Lebanon’s prime minister Saad Hariri and his cabinet stepped down, WP reported on Tuesday. After nearly two weeks of anti-government protests, the Lebanese government bowed to that people’s demand.
In Lebanon, the scaled street protests have almost paralyzed daily life for nearly two weeks. PM Hariri’s Western-oriented government has forced to make a hard decision and to step down.
“I’m at a dead end,” prime minister said in a televised address to the nation. “Jobs come and go, but what’s important is the country, no one’s bigger than the nation,” he added, echoing his father, Rafik Hariri, the Lebanese PM who was assassinated in 2005.
Despite the news on resignation, obviously those protesters aren’t fully satisfied, they continue to chant — “All of them means all of them” — encapsulates their fury at the entire political Olympus.
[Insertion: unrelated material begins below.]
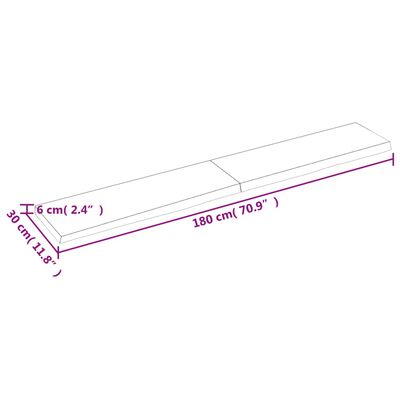 vidaXL Piano Bagno 180x30x(2-6) cm in Legno Massello Non Trattato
On Tuesday, Lebanon’s President Michel Aoun must convene a committee to replace the Cabinet. The government to come will also be hard-pressed to address the underlying problem that the protests are ultimately targeting. a deadlocked political system.
In the modern Lebanon, leaders of the country’s 18 officially recognized religious groups divide power and state funds for themselves and their followers at the expense of the treasury as a whole. Corruption is the main problem of PM Hariri’s government. As a result, Lebanon cannot consistently provide basic services such as 24-hour electricity, tap water or garbage disposal.
The street protests have suspended the daily life of a country. Almost over two weeks, the banks, schools and some offices have been closed ever since as protesters have seized and blocked major roads.
While the protests still include members of all religious sects, supporters of President Aoun, a Christian, have staged competing protests, and riot police officers have intervened repeatedly to separate supporters of Hezbollah and the Amal Movement, another Shiite party, from fighting with protesters. The most recent clash occurred in downtown Beirut hours before PM’s speech on Tuesday.
So far, there were no official reactions from president or other political leaders.